Seismic surveying associated with oil and gas activities uses very loud, frequent sound pulses from airgun arrays to map the geology of the sea floor and identify potential oil and gas deposits. . . . Noise from seismic operations harms marine mammals. If animals are exposed to high enough levels of sound, such as exist close to some seismic airguns, they can suffer shifts in hearing thresholds and hearing loss that may result in mortality. . . . Seismic surveys also harm commercially important fish and shellfish.[89]

         Plaintiff's Complaint adequately alleges a risk of imminent harm from seismic surveying for purposes of Article III standing.[90]

         In addition, the Complaint alleges that over the past decade, “the federal government has considered, proposed, decided on, and/or authorized substantial industrial oil and gas activities in the Arctic and Atlantic Oceans pursuant to the OCSLA scheme.”[91] The Complaint alleges “companies also have sought approval to conduct seismic surveys even when lease sales are more than four years away and [are] not included in an existing or proposed five-year program.”[92] In February 2008, the government held a leasing sale in the Chukchi Sea, resulting in 487 leases covering nearly 2.8 million acres.[93] Plaintiffs also allege that seismic surveying typically precedes oil and gas lease sales by two to four years in order to locate areas with promising oil and gas prospects.[94] Therefore, the Complaint adequately alleges that previous oil and gas exploration and development activities in the Arctic and Atlantic Oceans support Plaintiffs' assertion that seismic surveying is imminent.
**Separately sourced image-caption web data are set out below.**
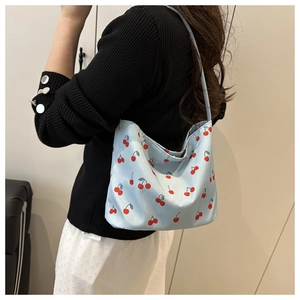 Detail of light blue hobo bag with red cherry print and slender shoulder strap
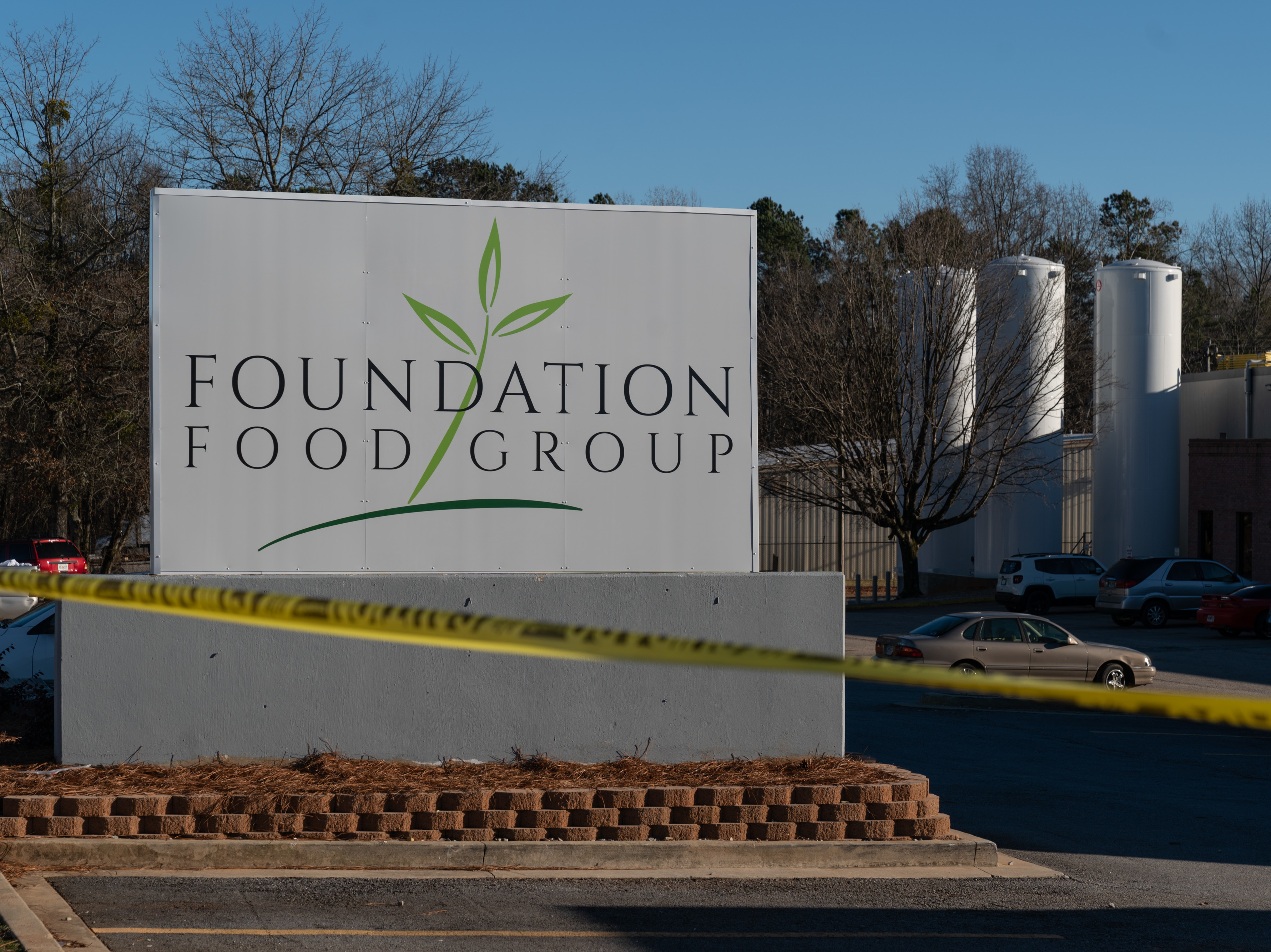 caption: Tanks of liquid nitrogen are seen at the Foundation Food Group poultry processing plant in Gainesville, Ga. Six workers died after a freezer malfunctioned in January 2021.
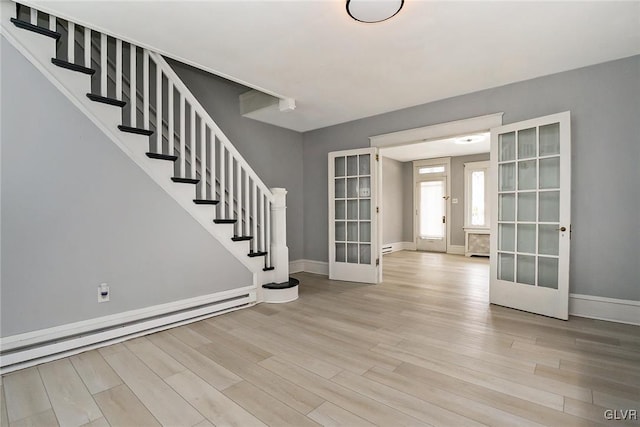 foyer with a baseboard heating unit, french doors, and light hardwood / wood-style flooring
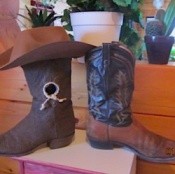 Cowboy boot used to make birdhouse.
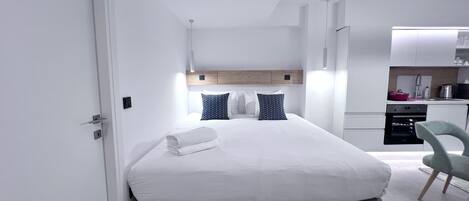 A modern hotel room with a neatly made bed, a small kitchenette, and a grey chair.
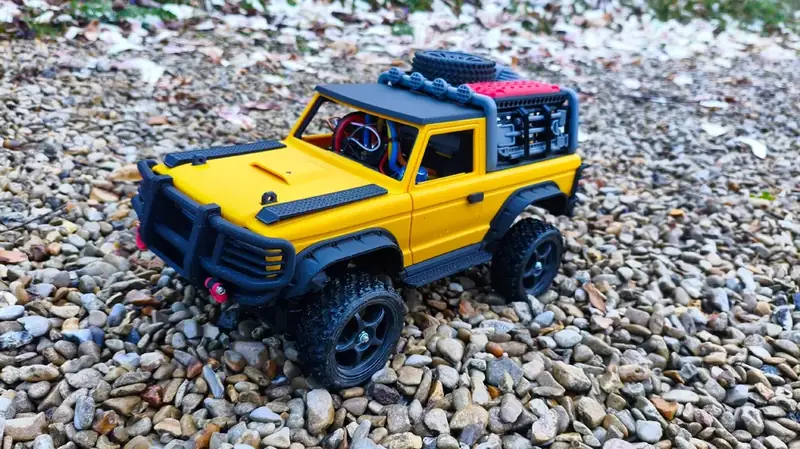 Yellow truck 3/4 front on gravel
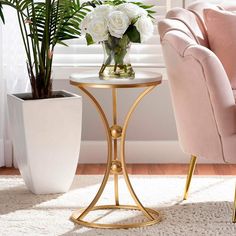 a pink chair next to a table with white flowers on it and a potted plant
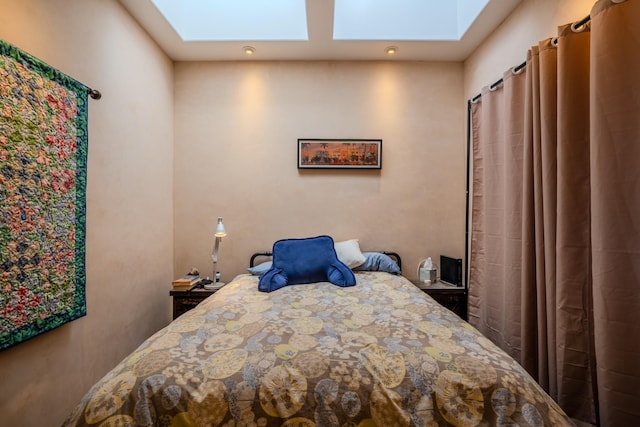 bedroom featuring a skylight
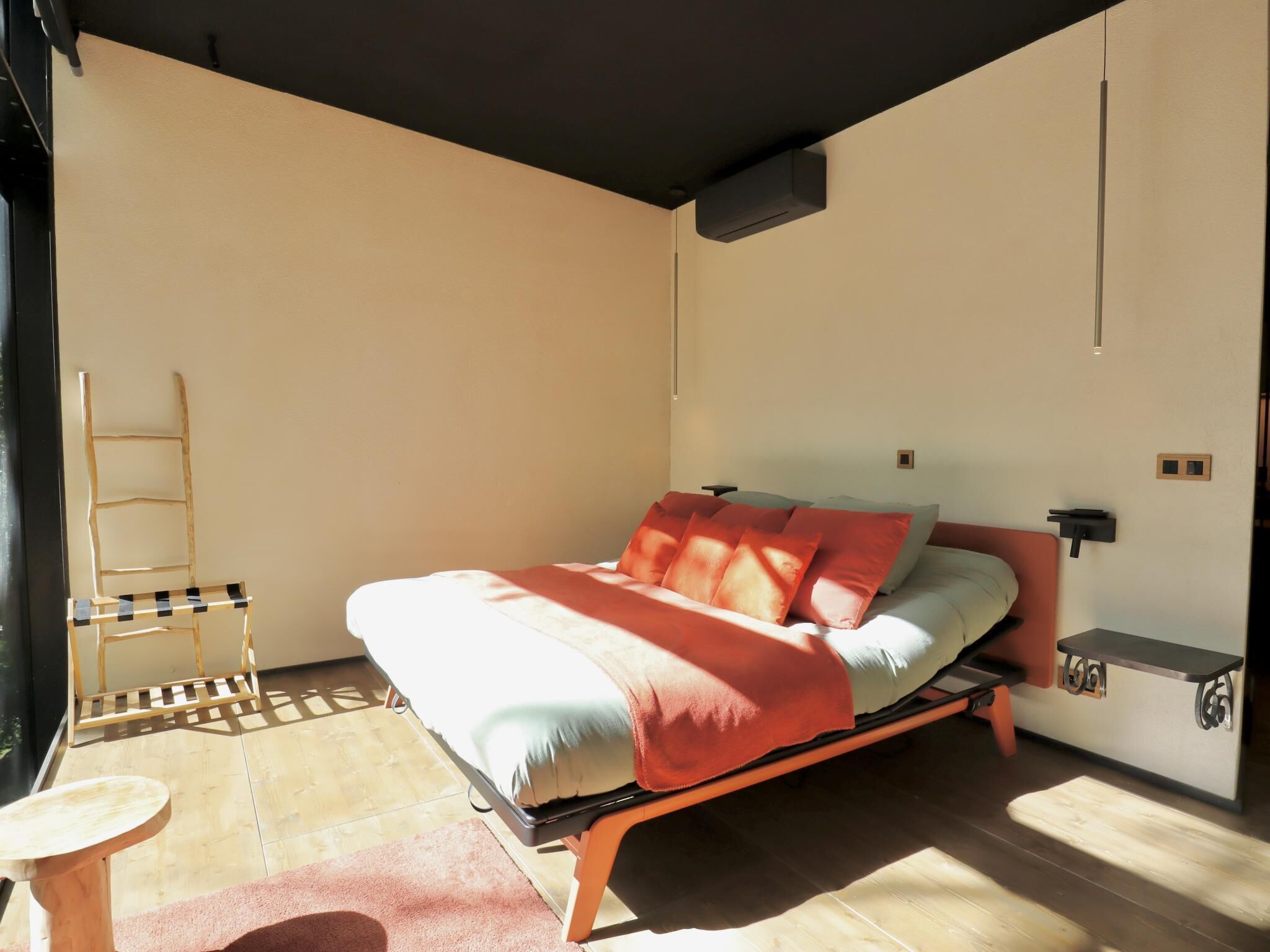 A bedroom with a bed, a wooden ladder, a small table, and a shelf.
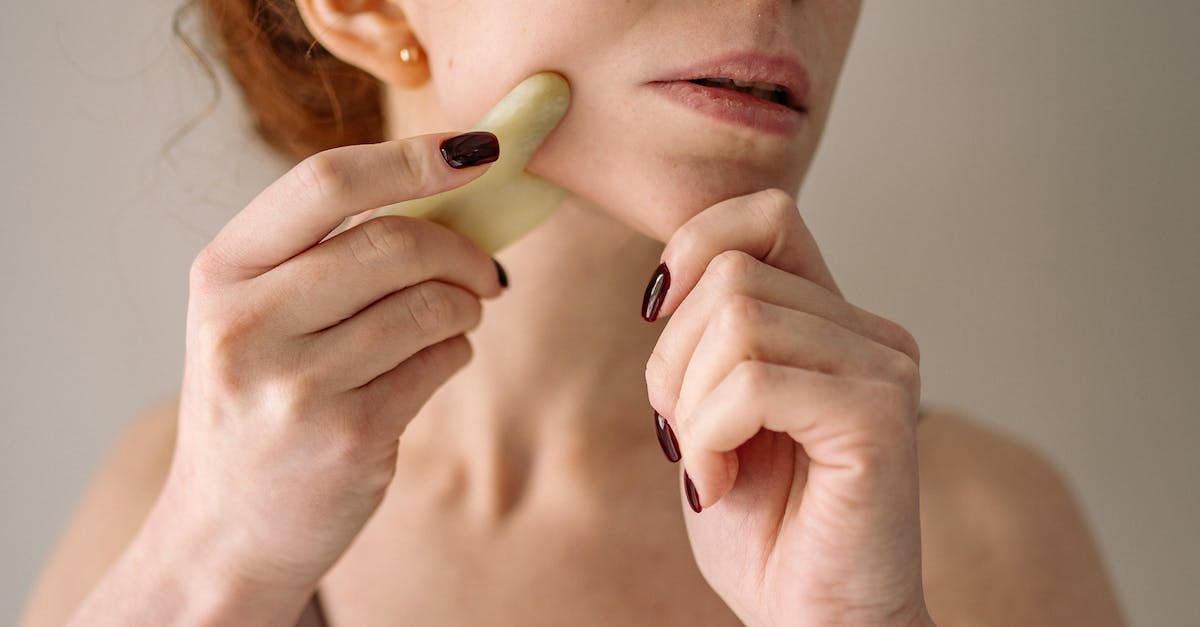 Tricks for using the rune stones? - Photograph of a Woman Using a Jade Stone on Her Face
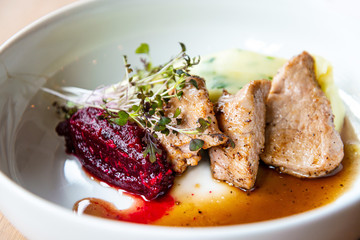 Delicious roasted pork filet cooked with smashed potatoes and smashed beetroots served in white plate.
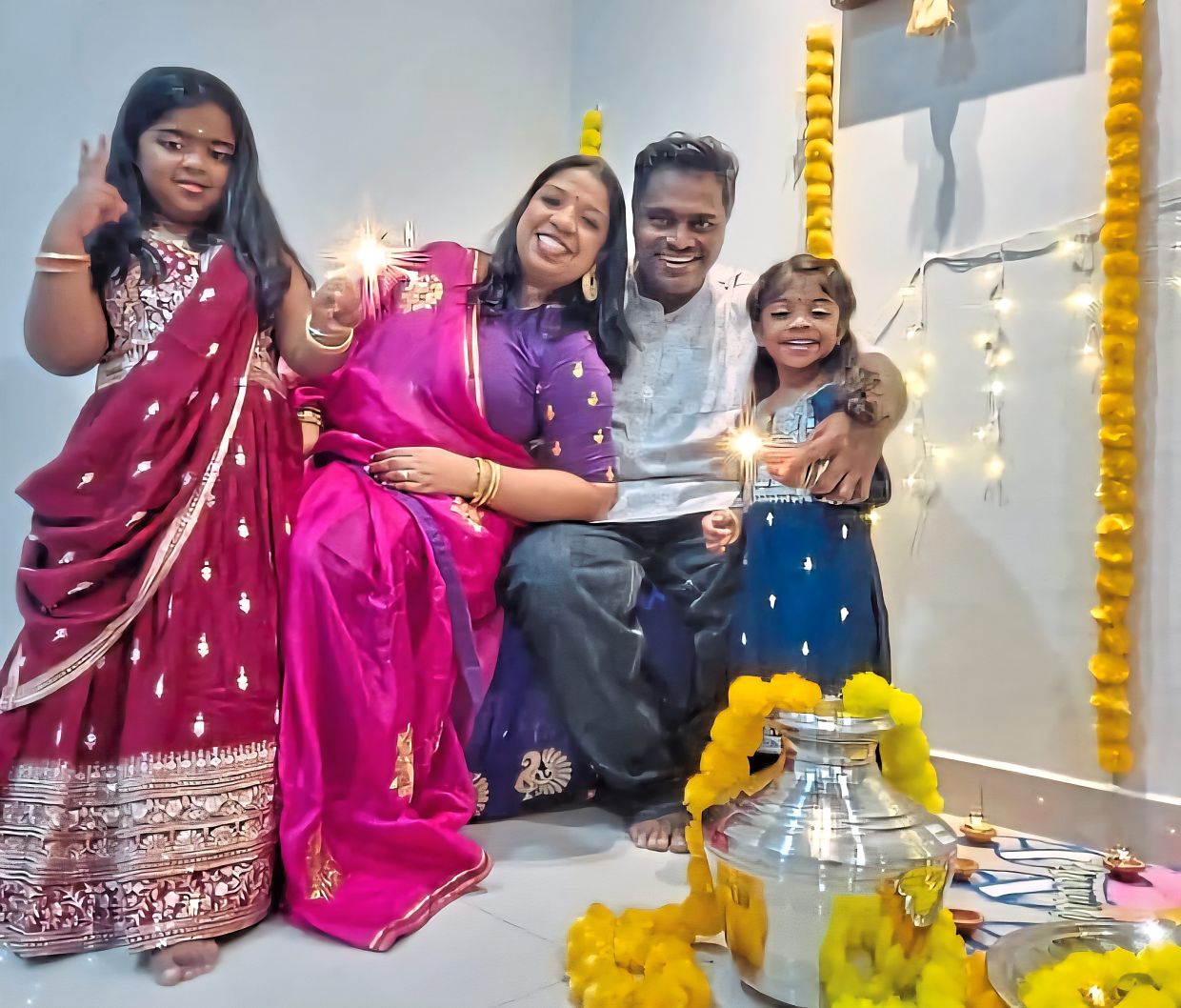 (From second left) Uma and Anbalagan with their daughters Abinayaa (left) and Aradhanaa at their new home in Shah Alam.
         The Executive Order's clear intent to expedite energy production in the Arctic and Atlantic Oceans, the oil industry's eagerness to obtain seismic surveying permits, and the fact that seismic surveying typically precedes oil and gas lease sales, together indicate that Plaintiffs have adequately alleged a substantial risk of harm from the passage of Executive Order 13795 that is “imminent” for purposes of Article III standing.

         B. Geographic Specificity

         Federal Defendants also assert that Plaintiffs have not alleged a “geographically specific” injury.[95] The Complaint alleges that the Executive Order reverses protections in “approximately 128 million acres of federally owned portions of the Arctic and Atlantic Oceans.”[96] Plaintiffs allege that their “use and enjoyment of these areas and wildlife are affected by the condition of the areas and health of individual wildlife.”[97] Federal Defendants take issue with the fact that Plaintiffs “do not identify any particular area within that 128 million acres that they use or enjoy that will be the subject of exploration or development activities as a result of the challenged Executive Order[.]”[98] Plaintiffs respond that they “allege the requisite ‘geographical nexus between the individual asserting the claim and the location suffering the environmental impact.'”[99]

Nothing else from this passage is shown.